I am also pleased to see there is someone who has read the rest of the specifications i.e non-linearity and temp effect.  I call this 'the small print' it's a phrase used in the UK regarding small print of adverts stating terms and conditions etc etc.

[Dr. Frank]

Yes, thank you for the correction.
I am also pleased to see there is someone who has read the rest of the specifications i.e non-linearity and temp effect.  I call this 'the small print' it's a phrase used in the UK regarding small print of adverts stating terms and conditions etc etc.

Yes, it's worthwhile to study the specs precisely, even the 8 1/2 digits DMMs have their weaknesses, if you dig deeper, and they also are not specified correctly or completely, in some aspects..

But another question: Your nickname indicates, that you only wear short trousers during your work?

Respect! 

Frank 

[HighVoltage]

Ok, I will leave the reference and the 3 multimeters running for 48 hours.

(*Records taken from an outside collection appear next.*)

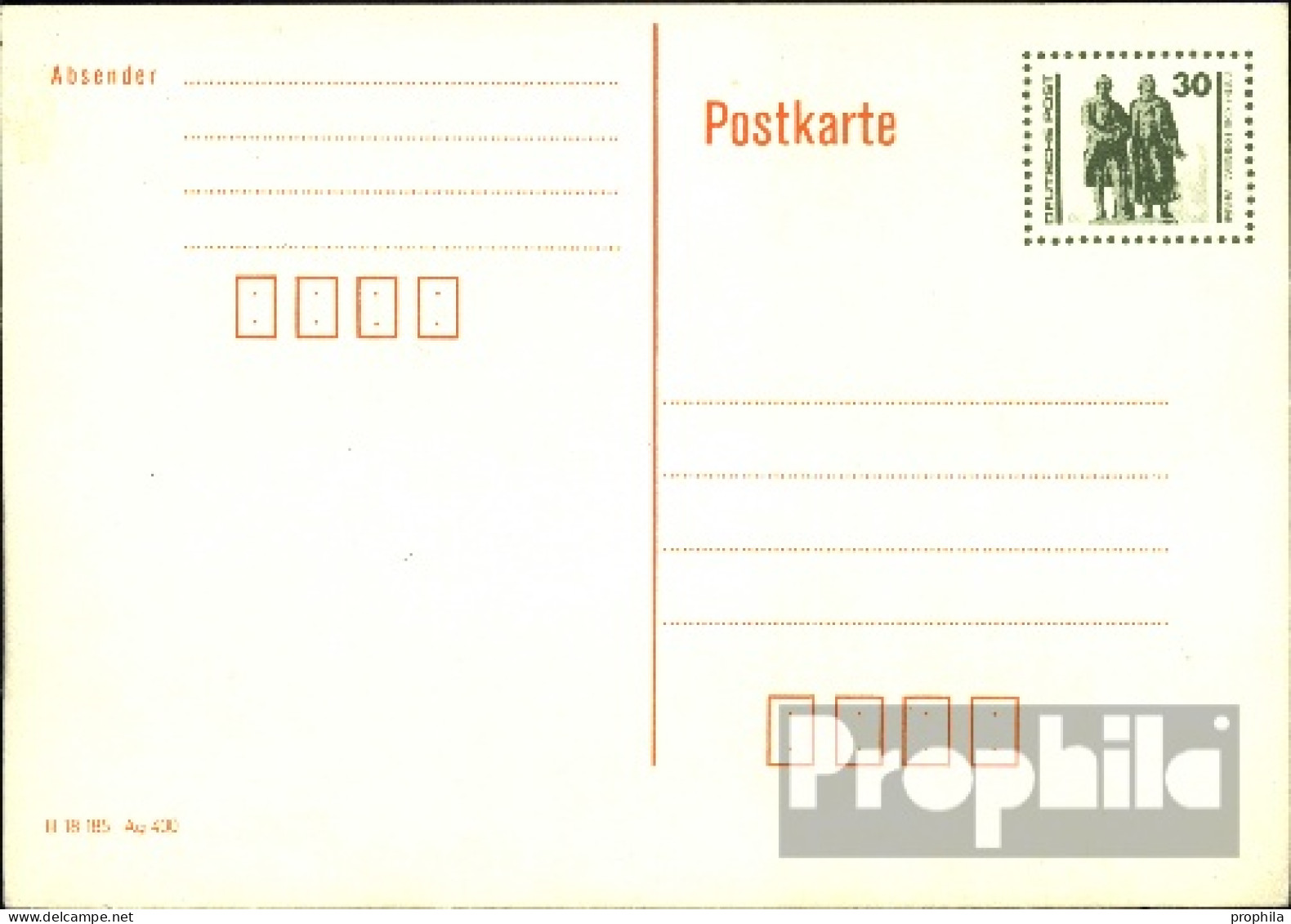 DDR P107I Amtliche Postkarte Ungebraucht 1990 Bauw./Denkmäler - Andere & Zonder Classificatie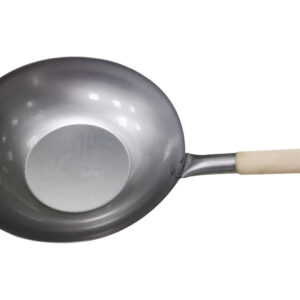 Wok with Wooden Handle Flat (30 cm)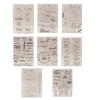 8Pcs Blessing Word Silicone Stamp for Birthday Card Making Journal Craft Embellishments Background Decoration Stamper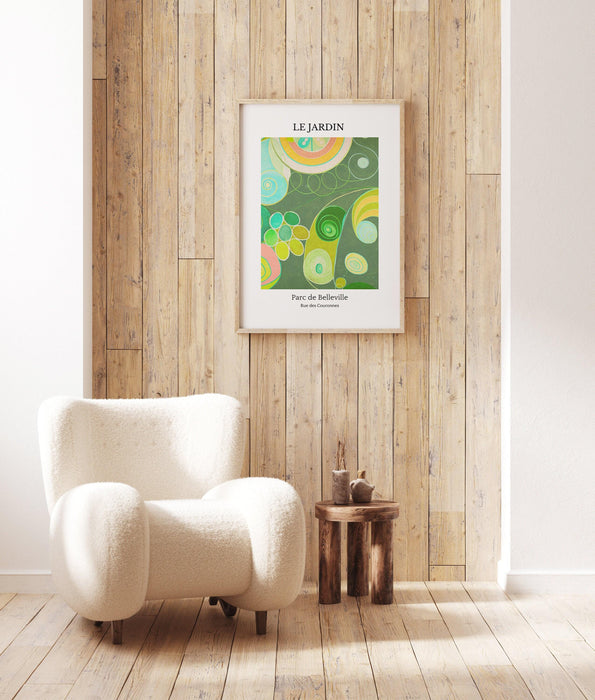 Abstract painting, wall art, botanical , colorful art, abstract print, modern painting, abstract art, brushstroke art,wall decor, green art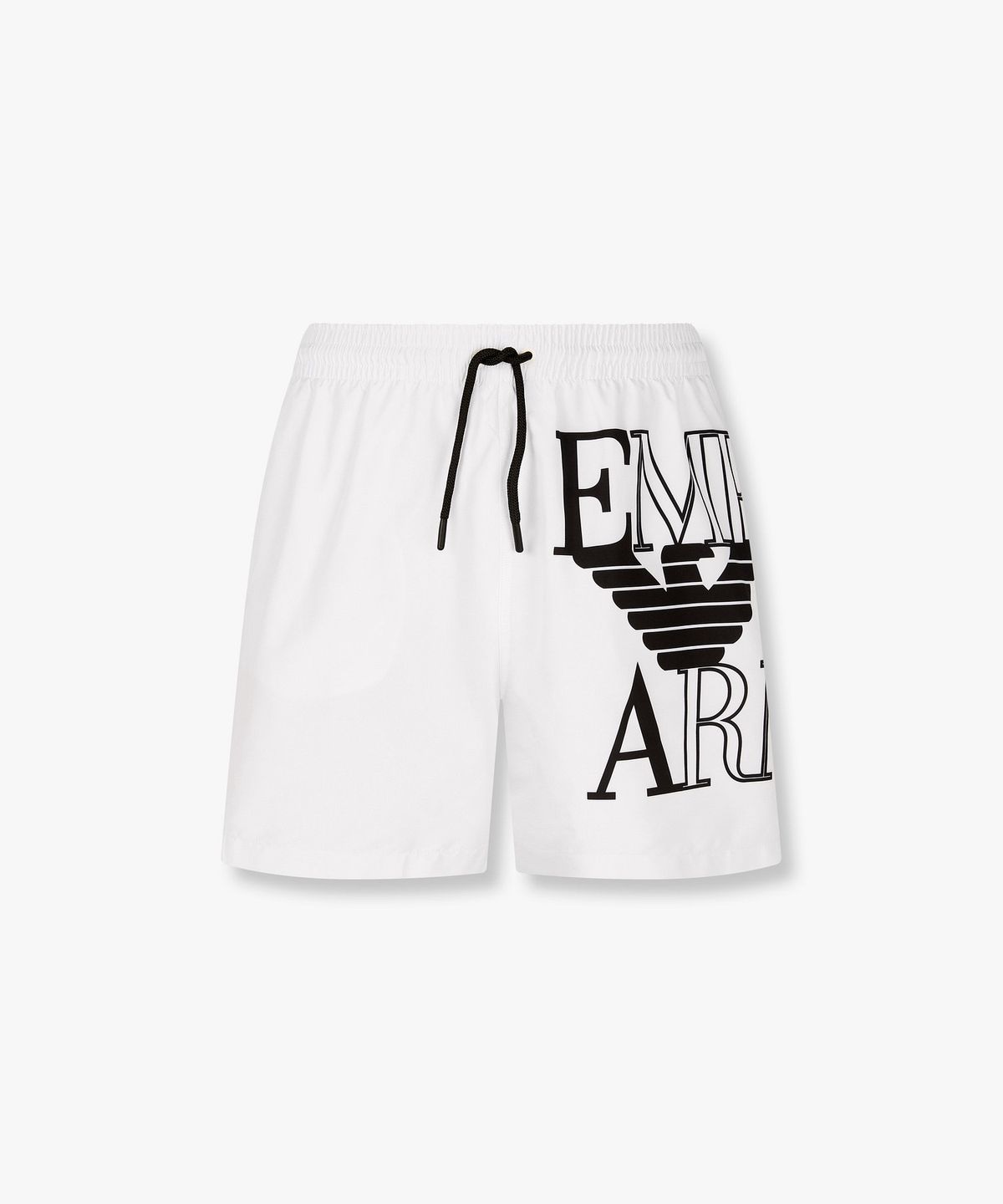 엠포리오 아르마니 언더웨어(EMPORIO ARMANI UNDERWEAR) 남성 빅 로고 프린트 스윔 쇼츠_화이트 0816121158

Since I will not be in the lab tomorrow, I will post a picture in about 48 hours.

BTW, the reference I have hooked up, is the 0.02% by VoltageStandard.
This reference was calibrated by VoltageStandard about 1 year ago.

http://www.voltagestandard.com/New_Products.html

From their website:

Model Vref5-002 Precision Voltage Reference

The Vref5-002 is a 5.000V, 0.0025% accurate precision voltage reference.  Housed in an anodized aluminum enclosure with rubber feet, this reference will be a great addition to your test bench. Based upon the Cirrus Logic VRE305A (used to be Thaler), proprietary laser trimmed circuitry provides excellent stability and accuracy without an oven!  Output terminals are gold plated banana jacks.  Input power is provided by included 24VDC, UL listed power supply.  Input power connector has locking ring to prevent accidental unplugging.  Red LED adjacent to output terminals provides visual indication that reference is powered-up. At time of shipment, the Vref5-002 is adjusted to be within 5uV of 5.000000V as measured by our calibrated 0.0008% accurate HP 3458A 8.5 digit DMM.  Free calibration is included for first two years after purchase- user just pays shipping/insurance both ways; subsequent calibrations are $7.50 plus $8.50 shipping.

Specifications
Accuracy: 0.0025% 
Stability: Reference output is guaranteed to be within 125uV (0.0025%) of 5V for 6 months.  Ambient temperature must be within 6 oF of calibration temperature (typically 68 oF)
Load regulation: 3ppm/mA
Temperature coefficient: 0.83ppm/oF, typ.
Output noise (0.1 to 10Hz): 3uV p-p typical
Size: 5" W x 4" D x 2" H
Power requirements: 110 - 130VAC 60Hz to power included 24VDC power supply.
Warm up time: 30 minutes

[HighVoltage]

I took another picture with a thermometer that I placed on the meters as reference.

[JohnnyBerg]

I am also pleased to see there is someone who has read the rest of the specifications i.e non-linearity and temp effect.

There are more out there 

What I find intriging is the TC specification. What to think from the 18° to 28° range?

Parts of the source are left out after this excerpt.